Dorothy Oehler, a geologist at NASA's Johnson Space Center, suggests that kerogen, the tarry, compressed and altered remains of ancient organisms that on Earth, compressed under miles of rock, is the source material of petroleum and natural gas, could also be present deep below the Martian surface and be producing a steady seepage of methane that may have been ongoing throughout Martian history.
Oehler, who presented the idea at the annual meeting of the Lunar and Planetary Science Conference in Houston, Texas, was careful to emphasize that she is not suggesting that there is any strong evidence for the existence of kerogen on Mars, but is simply offering another alternative to add to the list of previously suggested mechanisms that might account for methane production: volcanism, meteoritic impacts, the decay of recently-living organisms, or the metabolism of microbial life on Mars today.
On Earth, about half of all the methane that is naturally in the atmosphere (not counting contributions from human activity) comes from the breakdown of kerogen deep below the surface, Oehler said. The other half comes from organisms, either through their metabolic activity or their decomposition.
In places where there are large kerogen formations, methane continually seeps upward, as a result of the breakdown of the kerogen through geothermal heating. In the process, the highly reactive methane alters many of the minerals that it percolates through, and often leaves a telltale signature at the surface in the form of large rings of lighter-colored altered rock.

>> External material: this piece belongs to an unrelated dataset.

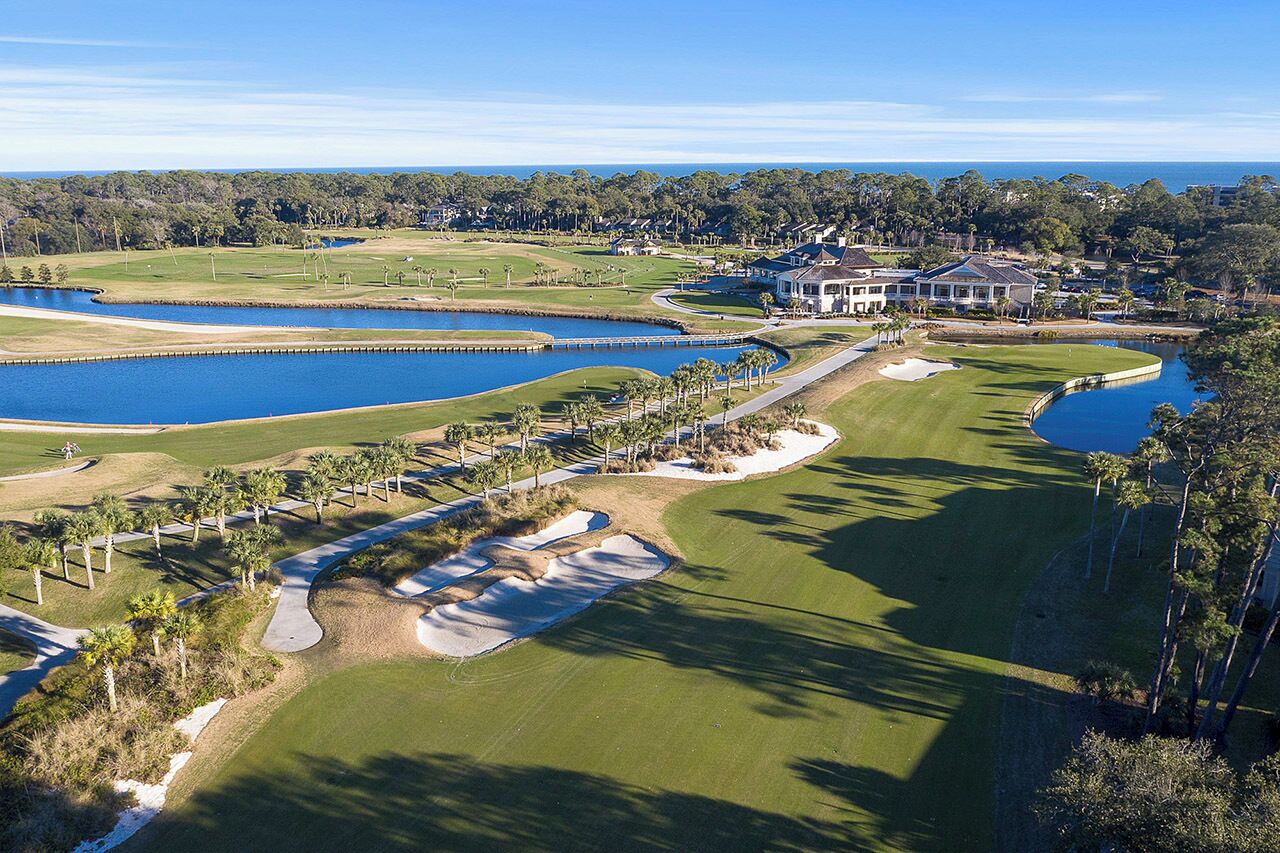 Un parcours de golf doté de nombreux bunkers, d’obstacles d’eau et d’un club-house.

Oehler, who formerly worked in the petroleum industry, has studied extensively one such formation, at Ashland Field, Oklahoma, a rich natural gas-producing region. There, bright rings of carbonates, known as "red bed bleaching," are produced by interaction of the methane with sands made mostly of reddish iron oxides such as hematite. In various places, methane seeps on Earth produce rings of pyrites, sulfur-rich evaporites, or jarosite, all of which have now been found at Meridiani.
The ring formations are very similar in appearance to some bright rings seen at the Meridiani site from orbital imagery. Although interpreted as heavily weathered craters, they differ in many ways from other craters in the area. For one thing, they appear to be perfectly flat, with no relief to cast shadows. Spectral analysis might help to confirm the theory, if the bright rings are found to be made of such minerals.
Oehler suggests that if her idea turns out to be right, such formations could be useful indicators of possible sources of methane as fuel for future Mars missions, and possibly a good place to look for fossilized remains of past Martian life, since kerogen on Earth is often rich in microfossils.